I began a years-long journey to improve my sleep quality, starting by reading about sleep and researching the interventions I could try. Over the years, I’ve probably made over two dozen changes to my sleep habits. I put up black-out blinds to limit light exposure and bought glasses that block out blue light from screens in the evening. I’ve gotten custom earplugs to reduce noise. I have bamboo cooling sheets and a weighted blanket. I also have a sleep routine to relax and meditate before bed. The list goes on.
Eventually I began to have better sleep patterns but my sleep remained something of a mystery. Even if you are going to sleep and not waking up at night, it is hard to know the quality of your sleep. That’s why I was excited when I learned that my Inspire 2 could give me insights into what was happening while I was unconscious.

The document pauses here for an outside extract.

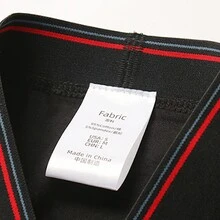 3入組條紋黑色無門襟男士內褲 - 彩色 - 查看 9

Every morning, I check my Sleep Score and look at the Sleep Stages chart to see if I was awake at all and how much REM and deep sleep I got. When I get a good score, which for me is in the mid-80s, I know I’m going to be at the top of my game at work. And when I get to my workout, which is boxing circuit training, I know I’m going to be able to push myself and get the most out of it.
When my score drops, I try not to let it predict how well my day will go. But it does give me a chance to think back about the previous day to consider what I might have done differently. I think about the foods I ate and the timing of when I exercised. I love Indonesian food, for example, but now I know to avoid the tea leaf salad.
I’m in my 30s, and I’ve been on this sleep-improvement journey since my mid-20s. I can now be confident that I can get to sleep and stay asleep. But I’m not going to let up because sleep patterns change as we age. Recently, I’ve noticed that I’m waking up on the early side. I’ll keep relying on the data from my Fitbit to continue to improve.